We ended up in Singapore on Feb 12 after a total of ten days at sea.  We could have gotten there faster but we were told there was no dock space available before then.  I like to believe that, but it was suggested to me that we were actually under quarantine without being told.  For the last four days we had twice-daily temperature checks.  It was more than a little surreal.  On the plus side, the ship was very nice and the crew was terrific.  The temperature checks were very unobtrusive, and the rest of the time it was business-as-usual.  By far the most stressful aspect was the uncertainty, not knowing whether our permission to dock in Singapore would be pulled at the last minute, or if we'd be able to get off the ship.  But as it happens our arrival was completely uneventful.  We were cleared to disembark in less than an hour and that was that.  We were free.

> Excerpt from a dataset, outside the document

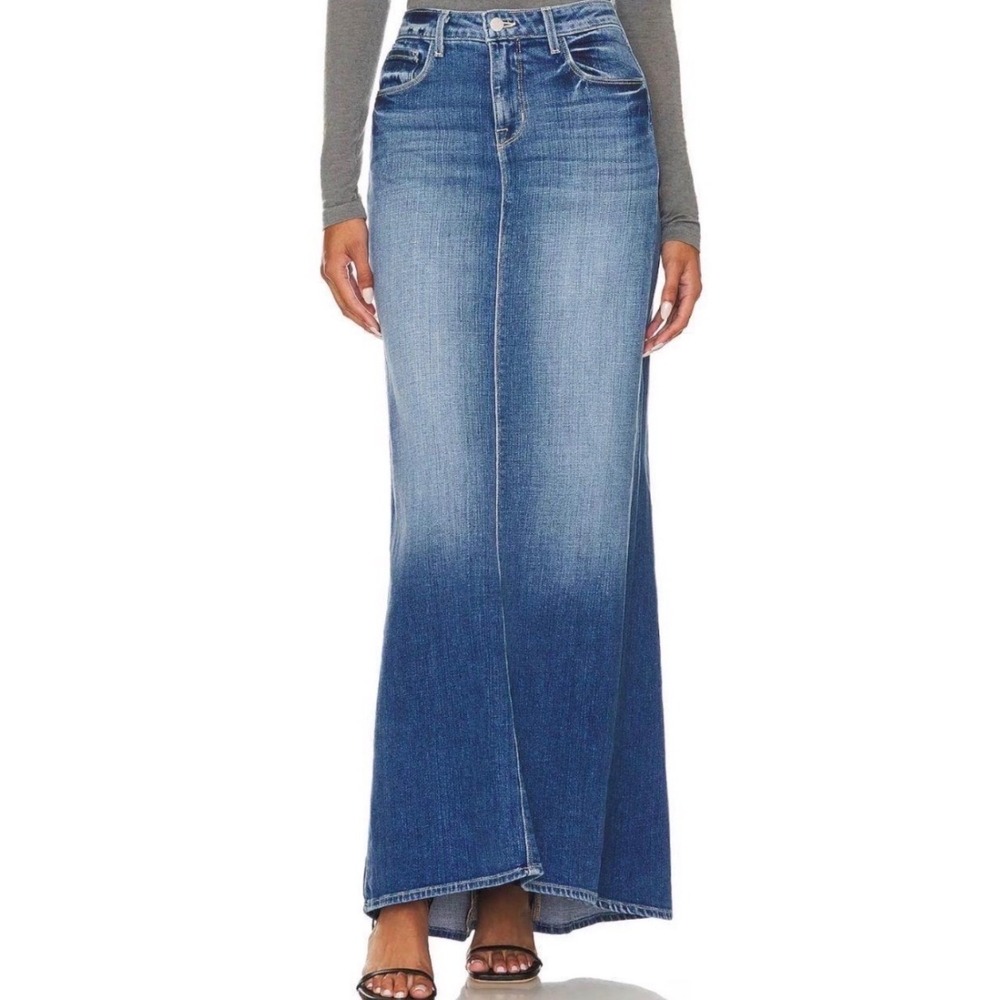 L'AGENCE Kailani Mermaid Denim Maxi Skirt Athos Blue Stretch Size 26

The story doesn't quite end there though.

We could have stayed on the boat for a few more days but decided to go home the next morning because so many things had already gone wrong on this trip and we didn't want to tempt fate any more than necessary.  I was also eager to get home and assess the damage to our electrical panels.  We had an early morning flight on the 13th so we decided to spend the night at a hotel by the airport.  During the night, I got up to turn off a light in the hallway of our hotel room and stubbed my toe on a piece of furniture.  I hit it hard and ended up bleeding all over the place.  Fortunately we had bandages with us, but it didn't make for a very restful night.

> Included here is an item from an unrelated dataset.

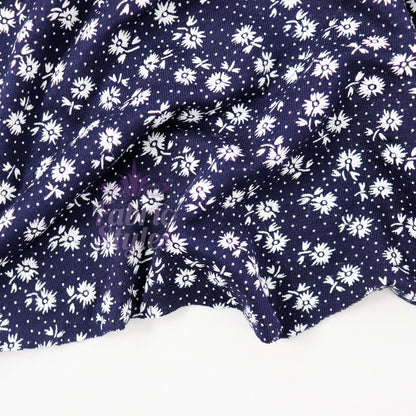 Navy Floral Small White Flowers Viscose Elastane Fabric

We finally made it home and we thought it was all over but Murphy had one more curve ball to throw at us.  I went out to look at the electrical meters and noticed that the one for the house was on, but the one for the sewage ejector pump was not.  Without power to the pump, we have about a day of normal activity before the holding tank overflows and raw sewage pours out into our yard and down to the creek behind our house.  It turns out that when the inspector came out two weeks earlier he apparently didn't realize that there were two independent meters and each one needed their own inspection sticker, so he only put one on.  Again we were up against a weekend, but happily I was able to get someone at the county to lean on PG&E and they came out the next day and turned the power on.  It was actually an interesting process.  They don't do it by throwing a switch, they do it by physically attaching the electrical cable, which is running through a concrete service box, to a receptacle.  And they do this "live" while the electricity is on, because, well, there is no switch.  It's only 240V but it was still a scary looking process.  Sparks flew because the ejector pump was actually on and so it was drawing a huge startup load.  But power was restored and the technician and I both lived to tell the tale.

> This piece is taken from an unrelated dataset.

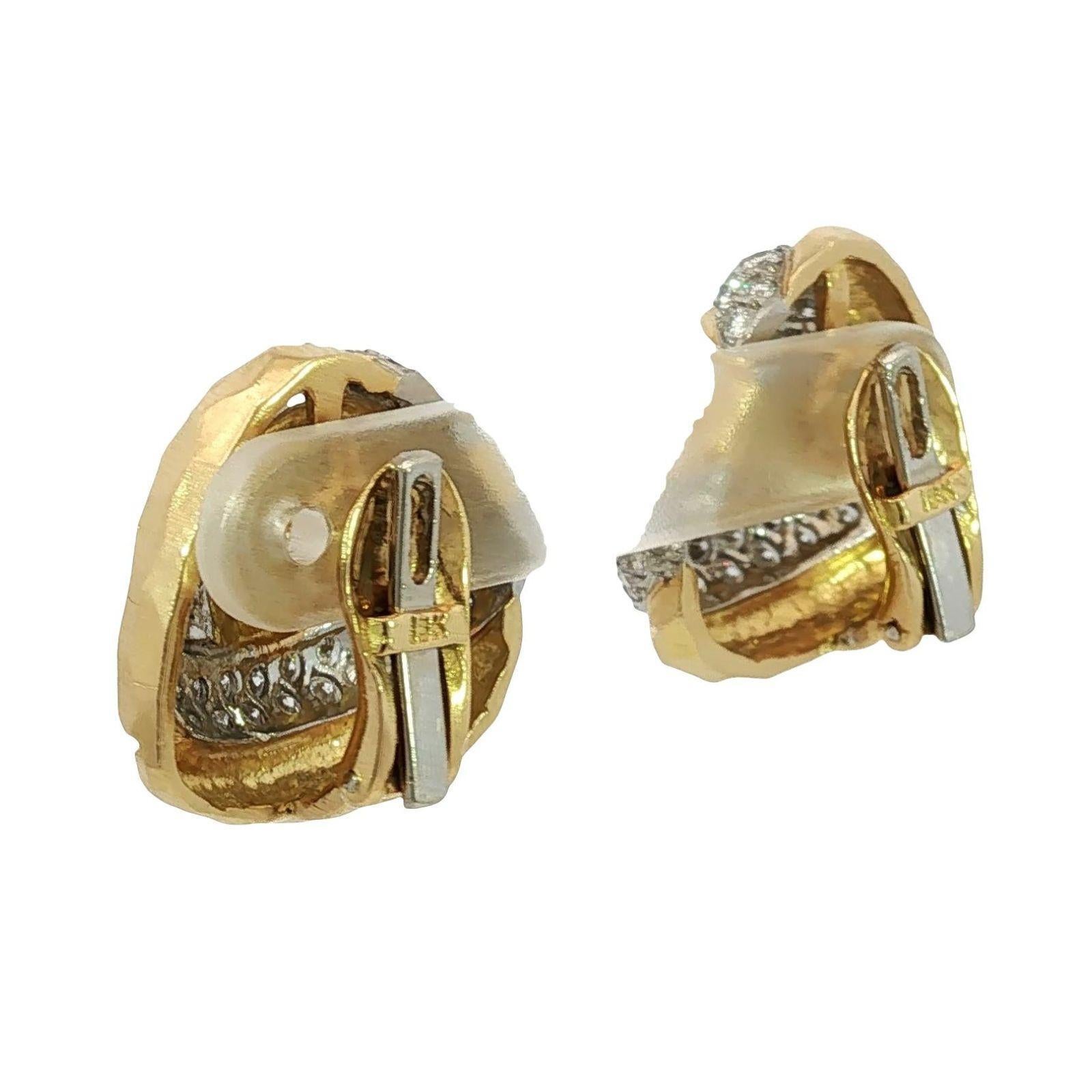 Women's Estate Diamond Heart Earrings Clip-Ons 18K White and Yellow Gold ~2.86ctw For Sale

So now life is finally back to normal.  But there are two interesting post-scripts to the story.  The first is that I've been told that we actually have to undergo an additional inspection inside our house to make sure that our smoke and carbon-monoxide detectors are in order.  We don't have carbon monoxide detectors.  I'm still a little unclear what this has to do with the power being cut off, but I'm told be reliable sources that yes, this is the law in California.  It's almost enough to make me want to vote Republican.

The second postscript is that after the PG&E guy connected our second electric meter, the head electrician for the county showed up to assess the situation.  He was a really nice guy and really seemed to know what he was doing.  He pointed out a couple of things that our electrician did wrong in rebuilding our setup, but they were minor and said we could probably just let them slide.  But the thing he did that made me really happy was acknowledge that the ejector pump meter belongs to the county, and so it was actually the county's responsibility to get it rebuilt.  It's a moot point now, but maybe Chris can get some reimbursement from them because right now all the costs have come out of her pocket.

Anyway, it was an interesting trip, so I thought I'd share.  More things went wrong on this trip than in all the other trips we've ever taken put together, and by a wide margin.  Hopefully in the future things will regress to the mean.